Clare Brown admits she made a mistake about Sultanah Terengganu’s role in 1MDB


(FMT) The High Court has set Sept 20 to hear submissions in the RM300 million defamation suit brought by Terengganu’s Sultanah Nur Zahirah against Sarawak Report editor Clare Rewcastle-Brown and two others.

This came about as the plaintiff and defendants concluded the two-day trial after calling a total of five witnesses.

Judicial commissioner Lee Kien How @ Johan Lee thanked the lawyers for their cooperation in conducting the case online.

The trial began on Monday and was completed today.

Rewcastle-Brown, who gave evidence from London, said it was an honest mistake when she wrote a passage in 2018 from her recollection of reading news reports in 2010 where the fugitive businessman Low Taek Jho, or Jho Low, stated how he came to know the Terengganu sultan.

“It was an honest mistake on my part which I believed to be true when I wrote it.

“There was no malice in my writing of the passage in the said book. I do not know the plaintiff (Sultanah Nur Zahirah) personally and my work has not shown any improprieties on her part,” she said in her witness statement.

The British journalist added that she had no reason to defame and injure the plaintiff’s reputation.

She was rebutting the suit filed by the sultanah, who also named publisher Gerakbudaya Enterprise and printer Vinlin Press as defendants.

The sultanah said the defendants defamed her in 2018 in a book titled “The Sarawak Report: The Inside Story of the 1MDB Expose”.

The impugned statement reads: “Jho (fugitive businessman Low Taek Jho, or Jho Low) was also friendly with a key player in Terengganu, the wife of the sultan, whose acquiescence was needed to set up the fund (Terengganu Investment Authority or TIA) and he later cited her support as having been crucial to his obtaining the advisory position.”

The sultanah said the alleged defamatory statement implied that she had interfered in the administration of the state and had used her status to influence the establishment of TIA.

The defendants said they were relying on the defence of justification, fair comment and qualified privilege.
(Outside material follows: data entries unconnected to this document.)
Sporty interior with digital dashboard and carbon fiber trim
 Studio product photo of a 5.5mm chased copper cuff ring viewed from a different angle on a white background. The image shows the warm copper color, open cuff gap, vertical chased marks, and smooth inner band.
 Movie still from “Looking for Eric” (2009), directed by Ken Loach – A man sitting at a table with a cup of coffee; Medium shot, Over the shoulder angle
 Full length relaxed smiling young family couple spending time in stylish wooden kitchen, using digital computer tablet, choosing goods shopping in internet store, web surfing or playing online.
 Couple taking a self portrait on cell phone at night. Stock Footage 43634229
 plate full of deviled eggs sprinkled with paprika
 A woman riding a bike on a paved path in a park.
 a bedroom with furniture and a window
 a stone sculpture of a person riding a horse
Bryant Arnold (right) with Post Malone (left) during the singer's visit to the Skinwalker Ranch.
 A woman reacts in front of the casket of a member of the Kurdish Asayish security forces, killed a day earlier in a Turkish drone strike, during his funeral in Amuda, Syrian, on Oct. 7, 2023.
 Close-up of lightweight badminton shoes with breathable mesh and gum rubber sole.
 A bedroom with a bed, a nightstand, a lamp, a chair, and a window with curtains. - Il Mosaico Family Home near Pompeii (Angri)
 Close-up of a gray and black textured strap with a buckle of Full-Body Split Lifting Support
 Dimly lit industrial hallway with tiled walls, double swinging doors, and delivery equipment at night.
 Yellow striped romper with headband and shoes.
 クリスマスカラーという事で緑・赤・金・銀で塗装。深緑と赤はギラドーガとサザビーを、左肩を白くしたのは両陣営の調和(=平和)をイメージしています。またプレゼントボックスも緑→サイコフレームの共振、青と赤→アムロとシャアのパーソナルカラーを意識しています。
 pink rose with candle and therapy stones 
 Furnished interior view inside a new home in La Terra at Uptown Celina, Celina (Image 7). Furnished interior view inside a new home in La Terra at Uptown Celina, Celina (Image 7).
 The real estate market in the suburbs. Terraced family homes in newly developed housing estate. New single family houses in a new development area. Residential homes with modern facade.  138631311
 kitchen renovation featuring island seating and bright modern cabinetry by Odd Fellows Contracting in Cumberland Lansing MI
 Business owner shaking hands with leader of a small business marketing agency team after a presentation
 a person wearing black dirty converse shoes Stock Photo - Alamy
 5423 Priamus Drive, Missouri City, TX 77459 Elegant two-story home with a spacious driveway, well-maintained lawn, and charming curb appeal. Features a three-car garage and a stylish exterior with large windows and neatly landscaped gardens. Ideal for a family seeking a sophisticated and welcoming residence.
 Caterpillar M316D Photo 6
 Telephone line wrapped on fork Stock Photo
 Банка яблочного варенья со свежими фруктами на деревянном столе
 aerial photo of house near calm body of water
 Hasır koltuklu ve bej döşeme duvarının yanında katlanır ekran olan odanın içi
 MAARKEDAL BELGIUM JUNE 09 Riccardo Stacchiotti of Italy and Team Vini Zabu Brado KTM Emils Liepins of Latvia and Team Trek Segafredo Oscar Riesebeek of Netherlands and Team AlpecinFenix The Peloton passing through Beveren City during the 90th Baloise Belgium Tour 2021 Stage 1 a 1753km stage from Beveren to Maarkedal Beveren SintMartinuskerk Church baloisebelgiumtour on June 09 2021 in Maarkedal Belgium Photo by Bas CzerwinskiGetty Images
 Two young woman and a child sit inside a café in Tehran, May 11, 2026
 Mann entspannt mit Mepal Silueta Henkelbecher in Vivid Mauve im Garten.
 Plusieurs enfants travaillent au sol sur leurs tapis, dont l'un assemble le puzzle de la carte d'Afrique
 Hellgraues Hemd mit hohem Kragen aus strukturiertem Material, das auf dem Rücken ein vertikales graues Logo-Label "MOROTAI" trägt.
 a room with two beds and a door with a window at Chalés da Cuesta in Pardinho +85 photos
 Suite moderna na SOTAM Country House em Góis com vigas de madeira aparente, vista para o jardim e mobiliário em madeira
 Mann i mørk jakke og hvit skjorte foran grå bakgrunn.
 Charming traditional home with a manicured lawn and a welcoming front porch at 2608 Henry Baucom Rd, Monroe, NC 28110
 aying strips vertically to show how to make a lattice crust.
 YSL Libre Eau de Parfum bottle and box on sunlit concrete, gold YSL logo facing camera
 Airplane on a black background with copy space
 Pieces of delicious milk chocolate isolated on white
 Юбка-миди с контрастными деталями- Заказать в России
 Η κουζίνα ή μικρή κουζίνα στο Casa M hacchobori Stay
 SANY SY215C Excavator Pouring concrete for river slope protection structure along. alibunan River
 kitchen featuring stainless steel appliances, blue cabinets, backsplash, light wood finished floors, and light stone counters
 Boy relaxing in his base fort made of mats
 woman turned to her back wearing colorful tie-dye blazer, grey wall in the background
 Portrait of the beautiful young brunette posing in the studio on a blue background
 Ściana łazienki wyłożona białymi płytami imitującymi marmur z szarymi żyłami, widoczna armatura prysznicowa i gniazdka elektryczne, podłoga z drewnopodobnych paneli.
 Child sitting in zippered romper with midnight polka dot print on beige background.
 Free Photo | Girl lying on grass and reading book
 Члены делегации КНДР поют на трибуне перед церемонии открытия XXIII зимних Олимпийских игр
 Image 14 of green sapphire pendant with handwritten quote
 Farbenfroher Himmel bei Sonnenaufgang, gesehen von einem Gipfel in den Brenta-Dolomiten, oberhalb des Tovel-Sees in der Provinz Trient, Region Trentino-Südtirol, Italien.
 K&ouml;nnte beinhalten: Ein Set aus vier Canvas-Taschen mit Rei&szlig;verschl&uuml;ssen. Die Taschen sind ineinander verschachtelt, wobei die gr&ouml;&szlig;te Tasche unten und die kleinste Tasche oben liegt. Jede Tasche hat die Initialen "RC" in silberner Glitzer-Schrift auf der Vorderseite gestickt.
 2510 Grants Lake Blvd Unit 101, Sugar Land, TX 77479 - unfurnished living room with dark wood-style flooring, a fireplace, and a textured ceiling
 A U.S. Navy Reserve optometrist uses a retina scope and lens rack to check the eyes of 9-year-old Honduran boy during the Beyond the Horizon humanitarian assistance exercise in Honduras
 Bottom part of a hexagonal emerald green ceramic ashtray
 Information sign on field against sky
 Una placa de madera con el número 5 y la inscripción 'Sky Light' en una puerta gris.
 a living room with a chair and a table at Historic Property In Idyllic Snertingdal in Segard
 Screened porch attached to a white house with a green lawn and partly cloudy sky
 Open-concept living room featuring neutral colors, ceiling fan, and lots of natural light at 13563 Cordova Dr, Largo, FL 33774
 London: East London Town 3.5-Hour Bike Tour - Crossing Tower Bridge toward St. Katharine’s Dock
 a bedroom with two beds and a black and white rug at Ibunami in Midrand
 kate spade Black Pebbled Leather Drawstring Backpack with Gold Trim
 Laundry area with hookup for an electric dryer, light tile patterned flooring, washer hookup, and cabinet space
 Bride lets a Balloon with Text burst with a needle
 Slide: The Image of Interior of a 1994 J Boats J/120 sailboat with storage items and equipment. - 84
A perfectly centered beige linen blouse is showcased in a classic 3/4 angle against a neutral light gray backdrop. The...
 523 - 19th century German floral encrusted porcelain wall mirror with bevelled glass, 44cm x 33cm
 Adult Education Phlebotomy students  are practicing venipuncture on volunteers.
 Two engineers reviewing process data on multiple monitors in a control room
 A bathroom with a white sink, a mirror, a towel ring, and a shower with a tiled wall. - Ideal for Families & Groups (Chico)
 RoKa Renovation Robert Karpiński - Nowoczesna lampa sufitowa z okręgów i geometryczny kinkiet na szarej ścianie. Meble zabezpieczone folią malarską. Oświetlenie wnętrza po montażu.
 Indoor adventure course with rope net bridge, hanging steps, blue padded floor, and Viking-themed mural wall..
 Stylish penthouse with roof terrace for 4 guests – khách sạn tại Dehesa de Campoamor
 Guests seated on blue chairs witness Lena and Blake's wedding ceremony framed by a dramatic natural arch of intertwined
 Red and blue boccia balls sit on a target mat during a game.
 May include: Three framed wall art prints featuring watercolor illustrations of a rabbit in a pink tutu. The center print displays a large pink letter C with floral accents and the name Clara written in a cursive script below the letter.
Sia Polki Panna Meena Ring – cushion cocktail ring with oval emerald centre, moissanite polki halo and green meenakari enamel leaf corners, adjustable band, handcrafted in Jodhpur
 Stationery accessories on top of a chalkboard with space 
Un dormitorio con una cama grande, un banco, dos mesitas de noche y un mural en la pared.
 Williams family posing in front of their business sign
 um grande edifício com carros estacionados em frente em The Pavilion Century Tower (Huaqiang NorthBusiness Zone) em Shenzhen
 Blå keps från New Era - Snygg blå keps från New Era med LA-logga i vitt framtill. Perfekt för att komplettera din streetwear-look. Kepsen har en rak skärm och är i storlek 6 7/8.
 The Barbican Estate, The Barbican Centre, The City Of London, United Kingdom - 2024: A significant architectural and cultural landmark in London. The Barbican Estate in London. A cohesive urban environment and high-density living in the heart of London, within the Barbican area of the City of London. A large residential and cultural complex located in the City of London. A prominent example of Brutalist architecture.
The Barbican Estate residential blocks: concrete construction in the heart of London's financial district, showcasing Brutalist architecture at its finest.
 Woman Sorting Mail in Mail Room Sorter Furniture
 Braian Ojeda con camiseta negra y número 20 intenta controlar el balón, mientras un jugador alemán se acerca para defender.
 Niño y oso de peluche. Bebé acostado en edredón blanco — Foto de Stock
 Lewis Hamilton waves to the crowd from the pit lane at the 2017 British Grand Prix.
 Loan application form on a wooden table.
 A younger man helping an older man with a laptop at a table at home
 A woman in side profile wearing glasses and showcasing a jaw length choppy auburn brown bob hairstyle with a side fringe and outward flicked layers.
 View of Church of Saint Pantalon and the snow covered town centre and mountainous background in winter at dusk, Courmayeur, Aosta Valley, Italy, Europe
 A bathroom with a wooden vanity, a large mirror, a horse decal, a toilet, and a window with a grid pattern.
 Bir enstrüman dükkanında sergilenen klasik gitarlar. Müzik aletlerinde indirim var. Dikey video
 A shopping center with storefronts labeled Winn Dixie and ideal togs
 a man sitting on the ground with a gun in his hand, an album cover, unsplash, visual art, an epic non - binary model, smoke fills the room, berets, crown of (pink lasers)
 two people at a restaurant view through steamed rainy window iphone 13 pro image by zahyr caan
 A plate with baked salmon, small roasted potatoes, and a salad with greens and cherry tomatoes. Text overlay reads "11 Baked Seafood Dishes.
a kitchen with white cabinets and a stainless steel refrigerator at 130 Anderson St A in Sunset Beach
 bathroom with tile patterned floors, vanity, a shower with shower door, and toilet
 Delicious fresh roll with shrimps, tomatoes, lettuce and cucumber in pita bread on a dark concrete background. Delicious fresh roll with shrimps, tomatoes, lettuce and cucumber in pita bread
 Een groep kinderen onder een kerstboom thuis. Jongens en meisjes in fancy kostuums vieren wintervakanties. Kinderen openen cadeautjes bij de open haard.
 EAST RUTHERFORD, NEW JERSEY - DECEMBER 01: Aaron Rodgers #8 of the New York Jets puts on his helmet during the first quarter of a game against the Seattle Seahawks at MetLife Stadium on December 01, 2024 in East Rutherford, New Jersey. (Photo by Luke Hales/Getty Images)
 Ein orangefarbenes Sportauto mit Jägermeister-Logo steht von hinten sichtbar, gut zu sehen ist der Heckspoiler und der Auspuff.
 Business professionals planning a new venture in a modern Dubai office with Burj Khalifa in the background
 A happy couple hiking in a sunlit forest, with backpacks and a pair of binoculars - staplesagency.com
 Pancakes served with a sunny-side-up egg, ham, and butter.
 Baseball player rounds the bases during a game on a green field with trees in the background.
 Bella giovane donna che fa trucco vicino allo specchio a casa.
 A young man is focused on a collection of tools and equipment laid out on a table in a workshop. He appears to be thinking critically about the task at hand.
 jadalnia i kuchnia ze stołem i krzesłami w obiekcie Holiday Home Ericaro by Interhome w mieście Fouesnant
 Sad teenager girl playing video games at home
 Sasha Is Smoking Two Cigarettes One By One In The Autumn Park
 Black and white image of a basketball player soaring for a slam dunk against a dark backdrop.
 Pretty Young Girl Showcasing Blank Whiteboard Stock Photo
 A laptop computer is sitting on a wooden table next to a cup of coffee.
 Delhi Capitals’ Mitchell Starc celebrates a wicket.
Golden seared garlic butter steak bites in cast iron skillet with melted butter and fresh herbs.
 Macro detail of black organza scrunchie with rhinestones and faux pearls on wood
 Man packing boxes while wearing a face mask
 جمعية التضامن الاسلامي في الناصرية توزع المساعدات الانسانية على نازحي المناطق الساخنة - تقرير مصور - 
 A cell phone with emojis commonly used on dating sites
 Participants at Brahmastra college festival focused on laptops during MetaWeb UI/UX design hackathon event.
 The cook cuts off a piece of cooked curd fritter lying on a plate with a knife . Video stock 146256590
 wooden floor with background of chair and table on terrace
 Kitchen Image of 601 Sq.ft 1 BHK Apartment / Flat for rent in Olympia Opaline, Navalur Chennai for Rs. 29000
In her book released in September 2018, Rewcastle-Brown had claimed that the sultanah had a hand in setting up TIA and the appointment of Jho Low as its adviser.

However, in the same month, she acknowledged the error and clarified in a reprint of the book that it was the sultan’s sister, and not the sultanah, who was involved.

Despite this, the plaintiff proceeded with the suit as Rewcastle-Brown had failed to issue an express apology.

Lawyers Haaziq Pillay Abdullah and Vishnu Kumar represented the sultanah while Americk Sidhu, Mervyn Lai and How Li Nee appeared for the defendants.